(TASK BRIEF) Write out the data again in full, exactly as it reads.

(INPUT FOR THIS TASK)
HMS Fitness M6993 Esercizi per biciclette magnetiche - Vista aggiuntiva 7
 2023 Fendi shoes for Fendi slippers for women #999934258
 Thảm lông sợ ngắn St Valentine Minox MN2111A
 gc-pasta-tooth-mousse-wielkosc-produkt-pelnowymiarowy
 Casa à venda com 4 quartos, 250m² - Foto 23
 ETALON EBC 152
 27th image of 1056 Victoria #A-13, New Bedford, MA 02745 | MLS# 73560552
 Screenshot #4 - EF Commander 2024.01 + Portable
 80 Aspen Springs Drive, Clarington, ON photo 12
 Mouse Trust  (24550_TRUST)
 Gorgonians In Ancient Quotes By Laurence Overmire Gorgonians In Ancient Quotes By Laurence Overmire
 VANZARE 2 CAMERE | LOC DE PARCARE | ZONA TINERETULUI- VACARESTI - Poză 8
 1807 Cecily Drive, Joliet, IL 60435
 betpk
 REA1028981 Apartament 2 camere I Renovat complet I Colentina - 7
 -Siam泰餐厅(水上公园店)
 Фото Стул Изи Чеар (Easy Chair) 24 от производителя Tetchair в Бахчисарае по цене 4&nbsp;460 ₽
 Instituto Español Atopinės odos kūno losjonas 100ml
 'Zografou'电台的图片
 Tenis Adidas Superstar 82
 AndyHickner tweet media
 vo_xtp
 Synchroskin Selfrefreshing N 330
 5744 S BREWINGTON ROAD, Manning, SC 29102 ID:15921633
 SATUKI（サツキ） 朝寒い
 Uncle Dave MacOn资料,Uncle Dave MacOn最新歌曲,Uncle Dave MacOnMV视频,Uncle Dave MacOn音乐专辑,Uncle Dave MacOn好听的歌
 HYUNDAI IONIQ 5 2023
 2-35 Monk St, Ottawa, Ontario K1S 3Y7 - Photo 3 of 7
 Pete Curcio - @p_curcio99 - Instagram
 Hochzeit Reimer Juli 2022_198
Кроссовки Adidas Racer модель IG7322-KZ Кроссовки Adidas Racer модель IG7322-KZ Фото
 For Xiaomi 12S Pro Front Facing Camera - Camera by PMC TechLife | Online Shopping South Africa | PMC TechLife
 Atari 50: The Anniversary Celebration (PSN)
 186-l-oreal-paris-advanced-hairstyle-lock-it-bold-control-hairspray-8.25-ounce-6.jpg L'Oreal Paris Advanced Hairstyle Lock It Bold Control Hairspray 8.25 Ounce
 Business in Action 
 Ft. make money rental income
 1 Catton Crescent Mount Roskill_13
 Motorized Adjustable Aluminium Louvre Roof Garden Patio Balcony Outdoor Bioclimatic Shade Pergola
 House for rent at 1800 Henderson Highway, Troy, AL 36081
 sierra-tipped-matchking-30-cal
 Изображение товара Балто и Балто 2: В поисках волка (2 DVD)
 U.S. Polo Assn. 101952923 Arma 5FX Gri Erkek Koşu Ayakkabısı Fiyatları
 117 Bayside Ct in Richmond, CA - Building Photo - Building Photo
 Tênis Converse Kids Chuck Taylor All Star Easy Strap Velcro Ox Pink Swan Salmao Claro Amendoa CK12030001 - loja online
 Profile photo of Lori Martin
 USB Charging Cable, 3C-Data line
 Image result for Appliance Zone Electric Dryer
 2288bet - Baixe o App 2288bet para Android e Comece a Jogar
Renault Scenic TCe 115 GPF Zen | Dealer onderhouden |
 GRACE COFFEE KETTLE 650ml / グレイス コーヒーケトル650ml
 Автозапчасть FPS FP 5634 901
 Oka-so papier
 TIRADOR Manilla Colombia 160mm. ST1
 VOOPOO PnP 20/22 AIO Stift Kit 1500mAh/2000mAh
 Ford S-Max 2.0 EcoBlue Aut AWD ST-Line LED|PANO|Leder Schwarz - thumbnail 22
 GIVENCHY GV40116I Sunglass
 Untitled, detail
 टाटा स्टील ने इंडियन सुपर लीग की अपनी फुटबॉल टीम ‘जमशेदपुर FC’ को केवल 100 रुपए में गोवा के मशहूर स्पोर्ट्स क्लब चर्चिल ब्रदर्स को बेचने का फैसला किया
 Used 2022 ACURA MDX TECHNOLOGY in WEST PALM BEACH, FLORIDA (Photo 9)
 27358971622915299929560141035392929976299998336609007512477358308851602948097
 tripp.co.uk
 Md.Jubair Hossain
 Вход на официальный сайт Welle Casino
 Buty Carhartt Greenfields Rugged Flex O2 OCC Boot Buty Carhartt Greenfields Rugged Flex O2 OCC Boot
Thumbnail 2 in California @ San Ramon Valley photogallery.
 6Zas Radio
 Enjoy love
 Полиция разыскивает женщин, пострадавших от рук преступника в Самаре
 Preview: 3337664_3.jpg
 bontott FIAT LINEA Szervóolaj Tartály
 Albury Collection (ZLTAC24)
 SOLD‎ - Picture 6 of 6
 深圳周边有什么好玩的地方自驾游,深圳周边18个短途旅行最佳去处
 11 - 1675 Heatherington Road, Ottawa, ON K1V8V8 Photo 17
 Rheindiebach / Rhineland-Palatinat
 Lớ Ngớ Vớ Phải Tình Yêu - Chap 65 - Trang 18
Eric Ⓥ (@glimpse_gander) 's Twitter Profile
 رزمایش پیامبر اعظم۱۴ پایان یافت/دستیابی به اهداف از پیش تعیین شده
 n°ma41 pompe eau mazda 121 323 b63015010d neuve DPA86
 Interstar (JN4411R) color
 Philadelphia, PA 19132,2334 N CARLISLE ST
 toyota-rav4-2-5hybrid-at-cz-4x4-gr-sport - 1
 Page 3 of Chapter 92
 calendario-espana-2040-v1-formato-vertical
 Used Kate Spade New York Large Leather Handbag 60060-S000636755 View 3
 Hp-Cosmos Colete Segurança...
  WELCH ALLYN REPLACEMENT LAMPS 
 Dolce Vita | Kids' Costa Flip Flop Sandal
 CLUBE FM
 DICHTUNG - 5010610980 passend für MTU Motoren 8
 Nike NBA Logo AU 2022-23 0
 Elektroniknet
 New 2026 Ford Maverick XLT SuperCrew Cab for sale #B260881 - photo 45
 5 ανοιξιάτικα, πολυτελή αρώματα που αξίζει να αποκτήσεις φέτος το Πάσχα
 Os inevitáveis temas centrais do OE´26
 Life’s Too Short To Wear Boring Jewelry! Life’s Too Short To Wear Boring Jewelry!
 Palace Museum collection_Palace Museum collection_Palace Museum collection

(EXPECTED ANSWER)
HMS Fitness M6993 Esercizi per biciclette magnetiche - Vista aggiuntiva 7
 2023 Fendi shoes for Fendi slippers for women #999934258
 Thảm lông sợ ngắn St Valentine Minox MN2111A
 gc-pasta-tooth-mousse-wielkosc-produkt-pelnowymiarowy
 Casa à venda com 4 quartos, 250m² - Foto 23
 ETALON EBC 152
 27th image of 1056 Victoria #A-13, New Bedford, MA 02745 | MLS# 73560552
 Screenshot #4 - EF Commander 2024.01 + Portable
 80 Aspen Springs Drive, Clarington, ON photo 12
 Mouse Trust  (24550_TRUST)
 Gorgonians In Ancient Quotes By Laurence Overmire Gorgonians In Ancient Quotes By Laurence Overmire
 VANZARE 2 CAMERE | LOC DE PARCARE | ZONA TINERETULUI- VACARESTI - Poză 8
 1807 Cecily Drive, Joliet, IL 60435
 betpk
 REA1028981 Apartament 2 camere I Renovat complet I Colentina - 7
 -Siam泰餐厅(水上公园店)
 Фото Стул Изи Чеар (Easy Chair) 24 от производителя Tetchair в Бахчисарае по цене 4&nbsp;460 ₽
 Instituto Español Atopinės odos kūno losjonas 100ml
 'Zografou'电台的图片
 Tenis Adidas Superstar 82
 AndyHickner tweet media
 vo_xtp
 Synchroskin Selfrefreshing N 330
 5744 S BREWINGTON ROAD, Manning, SC 29102 ID:15921633
 SATUKI（サツキ） 朝寒い
 Uncle Dave MacOn资料,Uncle Dave MacOn最新歌曲,Uncle Dave MacOnMV视频,Uncle Dave MacOn音乐专辑,Uncle Dave MacOn好听的歌
 HYUNDAI IONIQ 5 2023
 2-35 Monk St, Ottawa, Ontario K1S 3Y7 - Photo 3 of 7
 Pete Curcio - @p_curcio99 - Instagram
 Hochzeit Reimer Juli 2022_198
Кроссовки Adidas Racer модель IG7322-KZ Кроссовки Adidas Racer модель IG7322-KZ Фото
 For Xiaomi 12S Pro Front Facing Camera - Camera by PMC TechLife | Online Shopping South Africa | PMC TechLife
 Atari 50: The Anniversary Celebration (PSN)
 186-l-oreal-paris-advanced-hairstyle-lock-it-bold-control-hairspray-8.25-ounce-6.jpg L'Oreal Paris Advanced Hairstyle Lock It Bold Control Hairspray 8.25 Ounce
 Business in Action 
 Ft. make money rental income
 1 Catton Crescent Mount Roskill_13
 Motorized Adjustable Aluminium Louvre Roof Garden Patio Balcony Outdoor Bioclimatic Shade Pergola
 House for rent at 1800 Henderson Highway, Troy, AL 36081
 sierra-tipped-matchking-30-cal
 Изображение товара Балто и Балто 2: В поисках волка (2 DVD)
 U.S. Polo Assn. 101952923 Arma 5FX Gri Erkek Koşu Ayakkabısı Fiyatları
 117 Bayside Ct in Richmond, CA - Building Photo - Building Photo
 Tênis Converse Kids Chuck Taylor All Star Easy Strap Velcro Ox Pink Swan Salmao Claro Amendoa CK12030001 - loja online
 Profile photo of Lori Martin
 USB Charging Cable, 3C-Data line
 Image result for Appliance Zone Electric Dryer
 2288bet - Baixe o App 2288bet para Android e Comece a Jogar
Renault Scenic TCe 115 GPF Zen | Dealer onderhouden |
 GRACE COFFEE KETTLE 650ml / グレイス コーヒーケトル650ml
 Автозапчасть FPS FP 5634 901
 Oka-so papier
 TIRADOR Manilla Colombia 160mm. ST1
 VOOPOO PnP 20/22 AIO Stift Kit 1500mAh/2000mAh
 Ford S-Max 2.0 EcoBlue Aut AWD ST-Line LED|PANO|Leder Schwarz - thumbnail 22
 GIVENCHY GV40116I Sunglass
 Untitled, detail
 टाटा स्टील ने इंडियन सुपर लीग की अपनी फुटबॉल टीम ‘जमशेदपुर FC’ को केवल 100 रुपए में गोवा के मशहूर स्पोर्ट्स क्लब चर्चिल ब्रदर्स को बेचने का फैसला किया
 Used 2022 ACURA MDX TECHNOLOGY in WEST PALM BEACH, FLORIDA (Photo 9)
 27358971622915299929560141035392929976299998336609007512477358308851602948097
 tripp.co.uk
 Md.Jubair Hossain
 Вход на официальный сайт Welle Casino
 Buty Carhartt Greenfields Rugged Flex O2 OCC Boot Buty Carhartt Greenfields Rugged Flex O2 OCC Boot
Thumbnail 2 in California @ San Ramon Valley photogallery.
 6Zas Radio
 Enjoy love
 Полиция разыскивает женщин, пострадавших от рук преступника в Самаре
 Preview: 3337664_3.jpg
 bontott FIAT LINEA Szervóolaj Tartály
 Albury Collection (ZLTAC24)
 SOLD‎ - Picture 6 of 6
 深圳周边有什么好玩的地方自驾游,深圳周边18个短途旅行最佳去处
 11 - 1675 Heatherington Road, Ottawa, ON K1V8V8 Photo 17
 Rheindiebach / Rhineland-Palatinat
 Lớ Ngớ Vớ Phải Tình Yêu - Chap 65 - Trang 18
Eric Ⓥ (@glimpse_gander) 's Twitter Profile
 رزمایش پیامبر اعظم۱۴ پایان یافت/دستیابی به اهداف از پیش تعیین شده
 n°ma41 pompe eau mazda 121 323 b63015010d neuve DPA86
 Interstar (JN4411R) color
 Philadelphia, PA 19132,2334 N CARLISLE ST
 toyota-rav4-2-5hybrid-at-cz-4x4-gr-sport - 1
 Page 3 of Chapter 92
 calendario-espana-2040-v1-formato-vertical
 Used Kate Spade New York Large Leather Handbag 60060-S000636755 View 3
 Hp-Cosmos Colete Segurança...
  WELCH ALLYN REPLACEMENT LAMPS 
 Dolce Vita | Kids' Costa Flip Flop Sandal
 CLUBE FM
 DICHTUNG - 5010610980 passend für MTU Motoren 8
 Nike NBA Logo AU 2022-23 0
 Elektroniknet
 New 2026 Ford Maverick XLT SuperCrew Cab for sale #B260881 - photo 45
 5 ανοιξιάτικα, πολυτελή αρώματα που αξίζει να αποκτήσεις φέτος το Πάσχα
 Os inevitáveis temas centrais do OE´26
 Life’s Too Short To Wear Boring Jewelry! Life’s Too Short To Wear Boring Jewelry!
 Palace Museum collection_Palace Museum collection_Palace Museum collection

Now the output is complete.